- **WHAT IS BEING ASKED**
Please repeat each line below exactly, with no images in the copy.

- **GIVEN DATA**
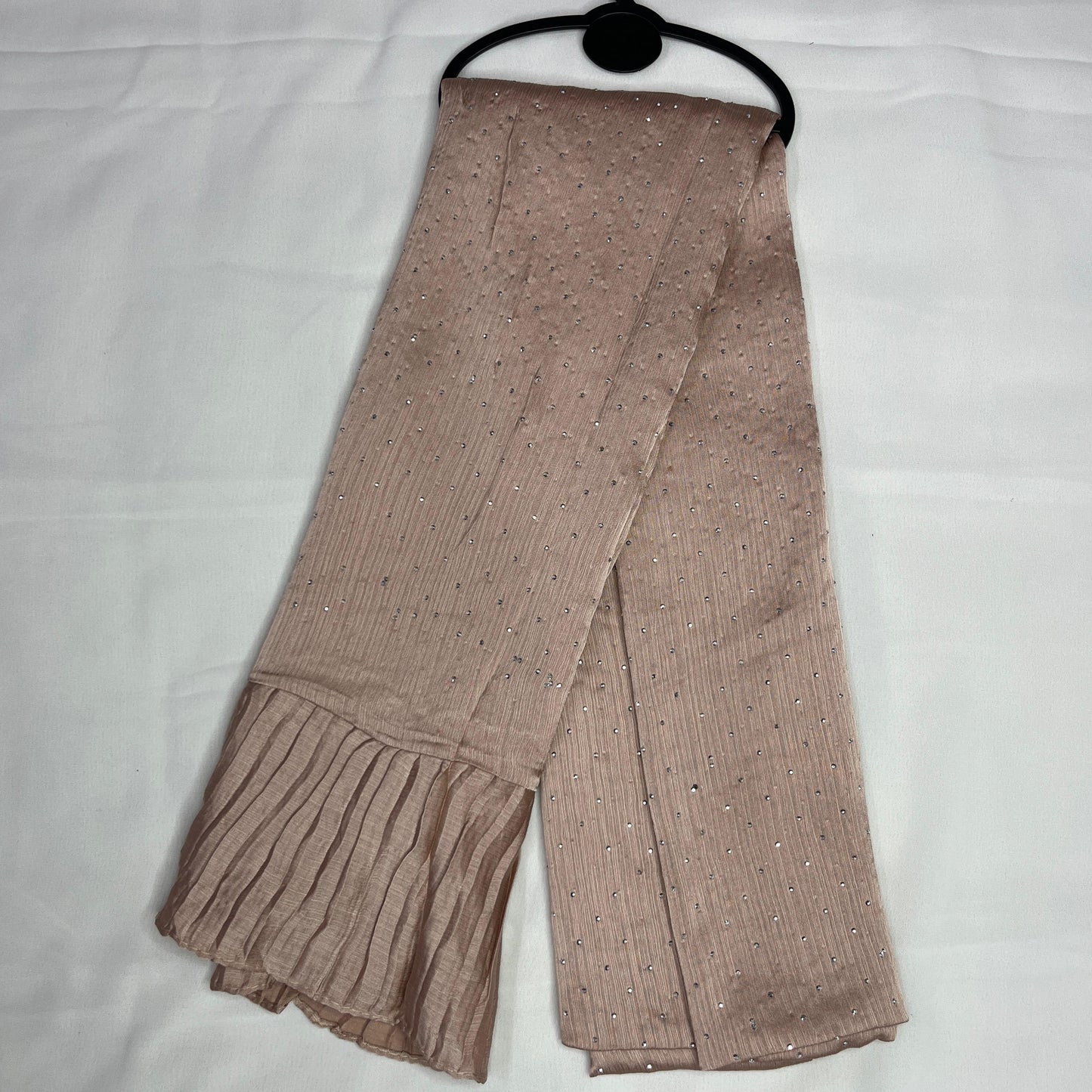 Golden Pleated Stone Hijab – Graceful Look with Elegant Detailing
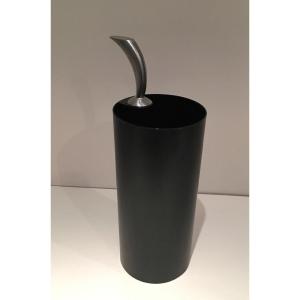 "golf" Black Plastic And Chrome Umbrella Stand. Italian Work Signed. Design By Archap In Italy Bt Inipress. Circa 1970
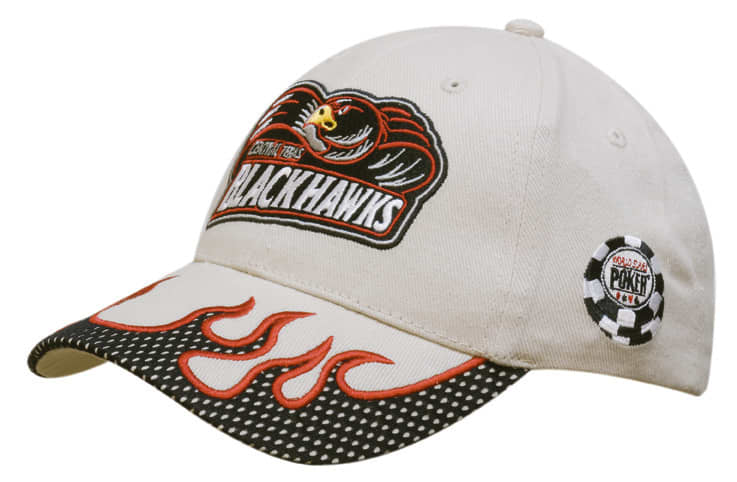 Brushed Heavy Cotton Cap with Mesh Peak Trim & Flame Embroidery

- **FINISHED TASK**
 Golden Pleated Stone Hijab – Graceful Look with Elegant Detailing
 "golf" Black Plastic And Chrome Umbrella Stand. Italian Work Signed. Design By Archap In Italy Bt Inipress. Circa 1970
 Brushed Heavy Cotton Cap with Mesh Peak Trim & Flame Embroidery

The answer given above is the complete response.